When needed, corrective action—emotional and judgmental programming updates—is implemented by responsible adults to the extent that the child’s emotional development enables. Parents, obviously, have a primary role in taking corrective action. However, society has also implemented an extra set of layered methods to fill any gaps, with teachers and school administrators as the first line of action. This is only reasonable given that, outside of the home, schools are where students spend a substantial amount of time under the immediate supervision of adults.

Children grow healthier physically when exercise (e.g., playing) and, at times, intense physical exertion (e.g., gym class) are undertaken while the body physically matures. The same is true for children’s emotional health with much of the resilience-building emotional exercise coming from their natural social exchange with other children, often while at school. Like the police arriving to a car accident on a congested street, occasionally childish behavior occurs requiring adult involvement and constructive disciplinary action.

For reasons that I cannot comprehend, many people want our schools to be bastions of political correctness and fully expect teachers and administrators to enact vengeful discipline whenever behavior someone someplace labels as politically incorrect occurs. When such a disciplinary response is not forthcoming, inappropriate adult behavior commences in the form of social media smear campaigns or threatened lawsuits. In this particular case, the parent of the “battered” child called the police to have the hardened criminal butt-pincher arrested. Hardly a constructive disciplinary action!

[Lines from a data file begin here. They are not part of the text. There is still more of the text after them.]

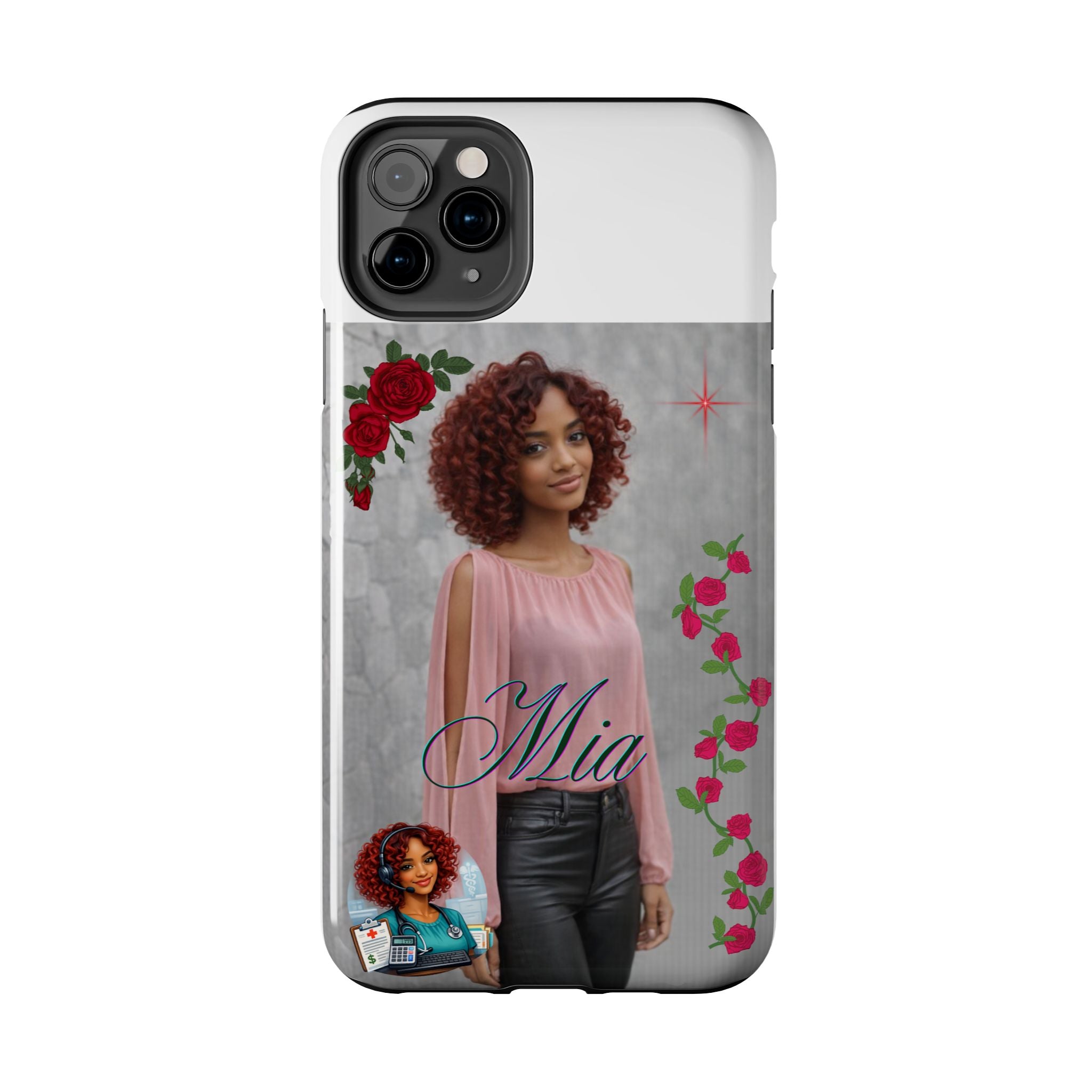 Personalized Floral Photo Tough Phone Case — Character 'Mia'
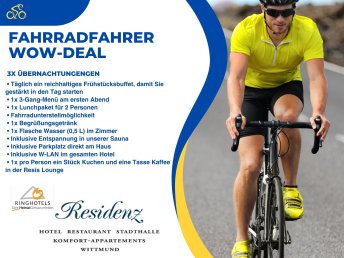 Fahrradfahrer WOW-Deal– 3 Nächte im Ringhotel Residenz Wittmund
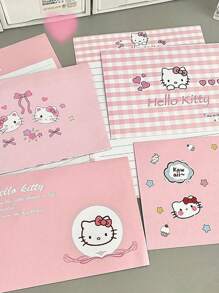 Sanrio Sanrio 4 sztuki/zestaw uroczych różowych kopert z kotem, prosty papier firmowy kreatywny kot z kreskówek, proste i szykowne artykuły piśmiennicze z kreskówek, romantyczne prezenty w postaci ręcznie pisanych listów dla kochanków, rodziny, przyjaciół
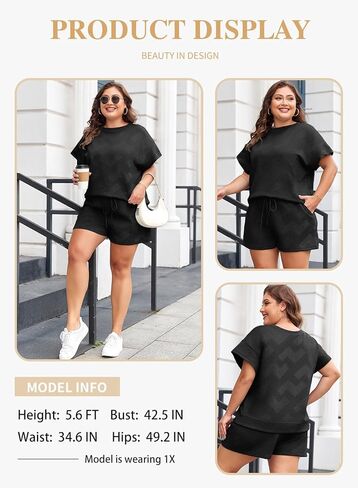Eytino Women Plus Size 2 Piece Outfits Sweatsuit Short Sleeve Pullover Tops and Drawstring Shorts Pants(1X-5X) in Kuwait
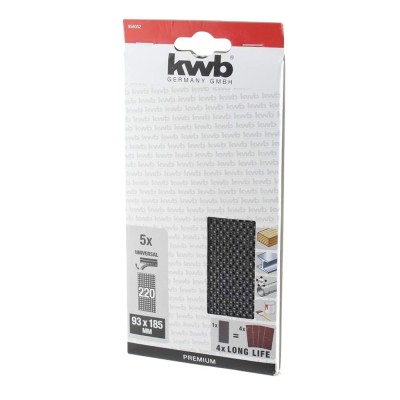 Set 5 bucati grilaj de slefuit, granulatie 220, Velcro, K220, 93x185 mm, KWB, 253231 foto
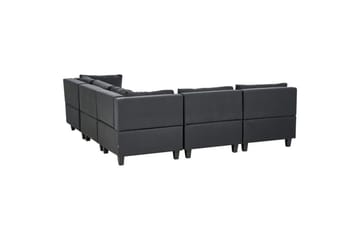 5-sits Hörnsoffa med fotpall Beliani Unstad Blå/Svart, Vänstervänd, Polyester Black - Møbler - Sofaer - Modulsofaer - Komplett modulsofa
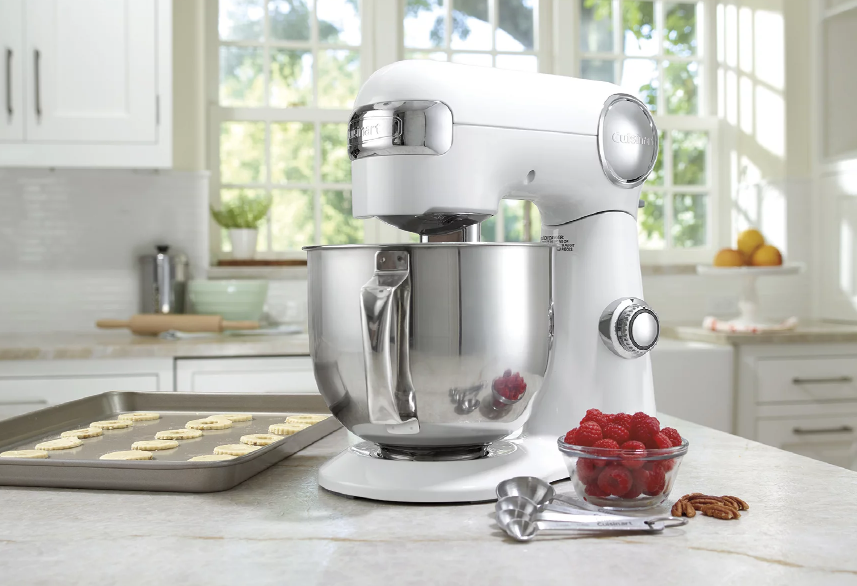 White Cuisinart Precision Master Electric Stand Mixer on countertop with red raspberries and cookie sheet.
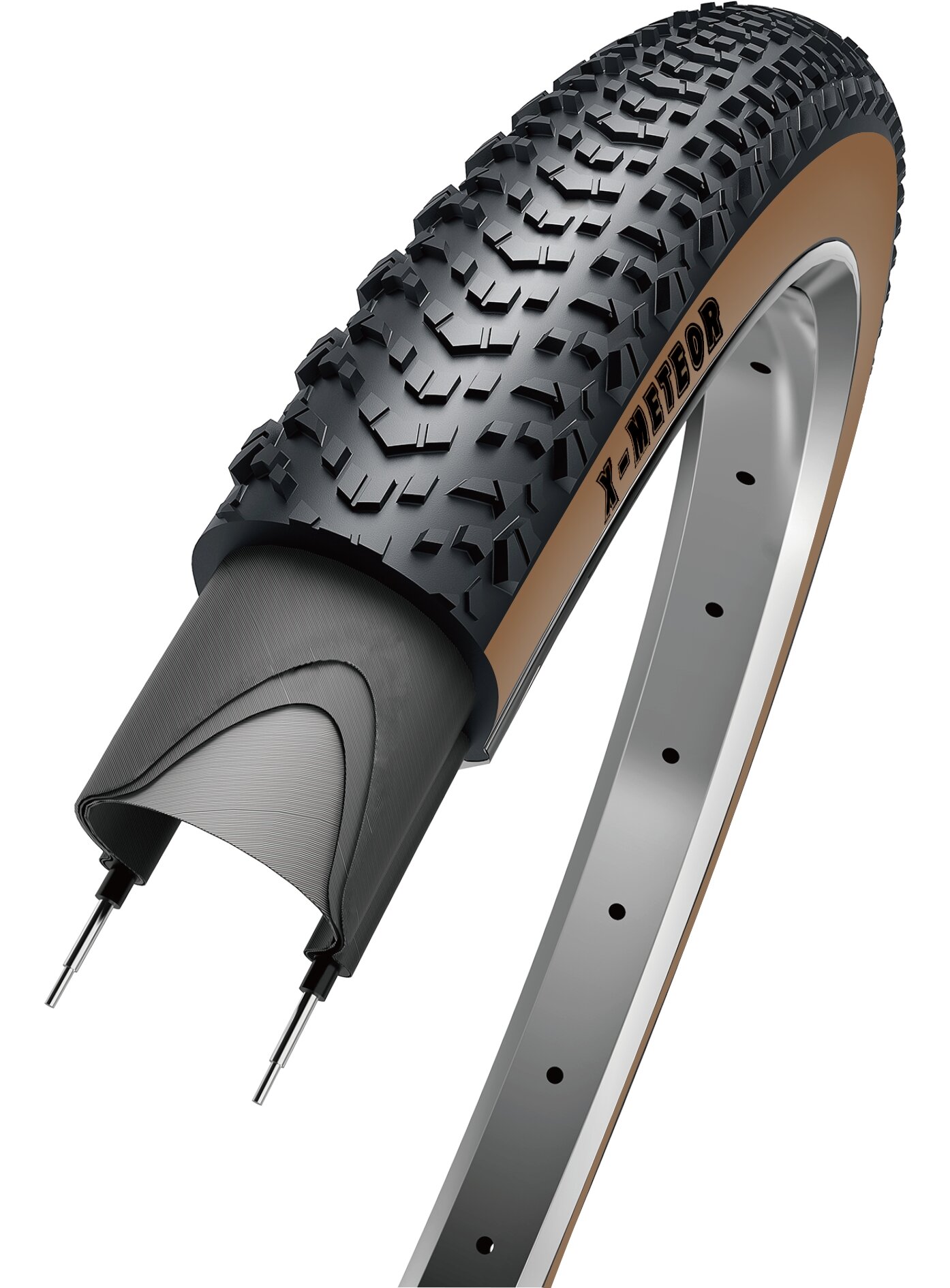 Покрышка, 26"x2.10 (54-559) 04-100603 MTB/CROSS COUNTRY средний 30TPI коричневая боковина (Tanwall) X-METEOR OBOR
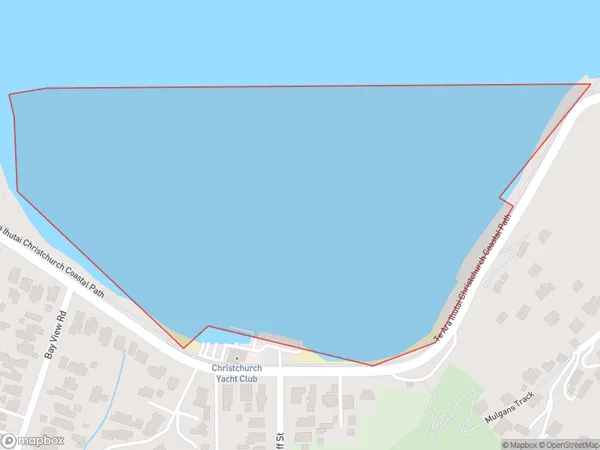 Moncks Bay, Canterbury Polygon Area Map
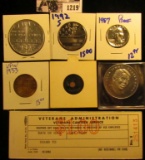 1219 . Jimmy Carter Inaugural Token; 1933 VFW Help The Kiddies Good Luck Token; Mini Penny; Veterans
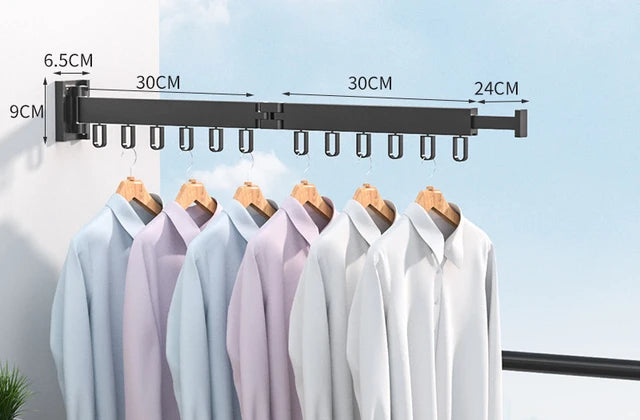 Tendedero Retráctil Plegable | Perchero de Ropa Montado en Pared para Interior y Exterior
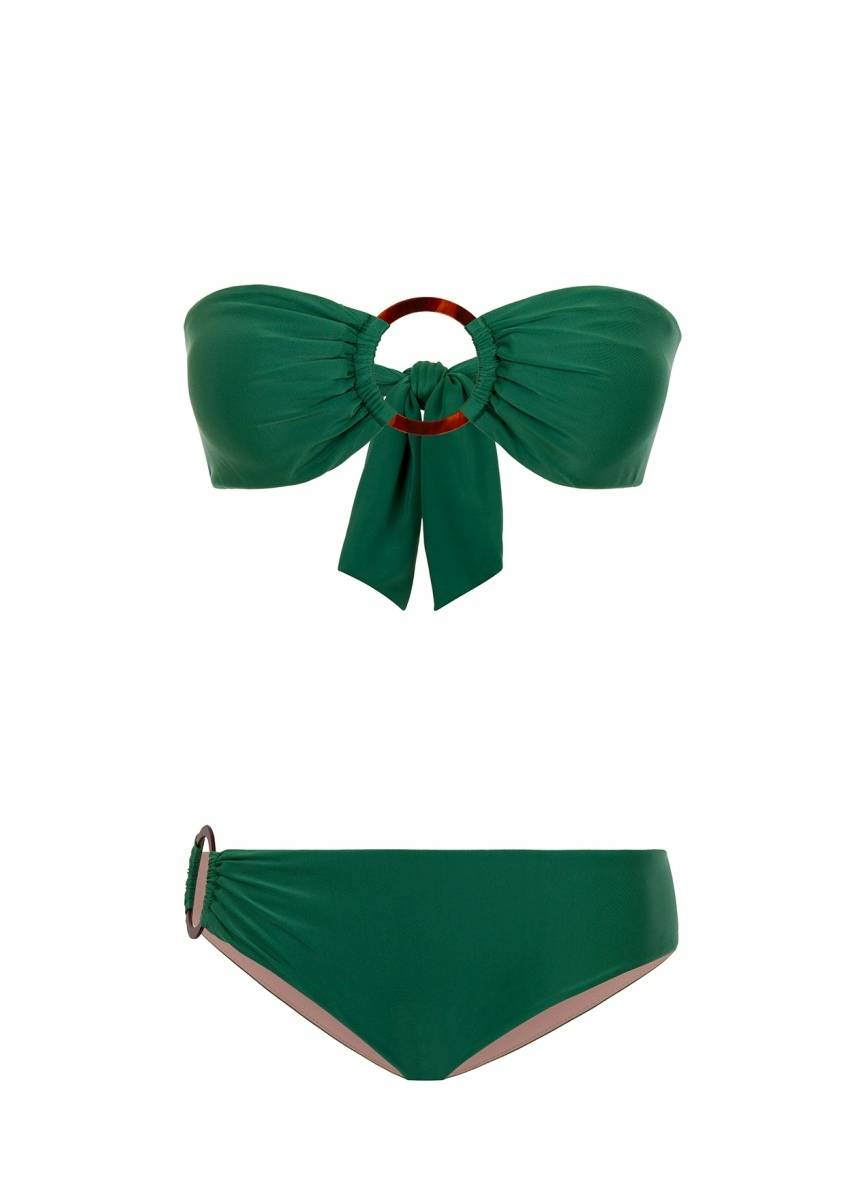 SALE Padded Bandeau Bikini mit Ringen in grün Tägliche Deals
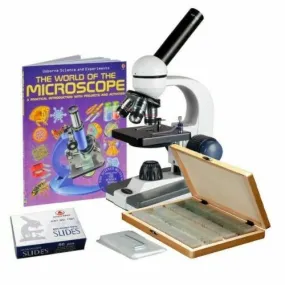 AmScope M150 Series Portable Student Monocular Compound Microscope 40X-1000X Magnification with LED, 100 Prepared Slides, 50 Blank Slides and Microscope Book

The ultra-politically correct now demand that children behave in school in a Stepford-like robotic manner emulating their extreme view of adult political correctness. We see this with discussions of a child’s social sin of violating another child’s “personal space” with a friendly hug and with statistics such as 9.7 percent of school bullying taking place near the lockers, according to a 2014 study done by the University of Illinois at Urbana-Champaign. These progressives aim to create in our public schools a utopian version of their perfect orderly world.
This will only produce emotionally fragile adults unable to cope with real life social

The much better approach is to graduate our children into adulthood with good emotional stability coupled with a good understating of the adult behavior toward others that a reasonable society expects—such as don’t bully. The way to accomplish this in our schools is to show our teachers and administrators the respect their public service deserves, to publicly defend their reasonable disciplinary actions when challenged by the PC police, and to let children be children while building their emotional resilience.

It’s time to stop worrying about offending those with the hyper-political correctness syndrome now permeating our culture. Being fearful of insulting some stranger’s unforeseen or unrealistic expectation is emotionally and socially unhealthy. Just politely ignore those with such hyper-PC behavior to deny them what they most want—a fearful target for their bullying rants.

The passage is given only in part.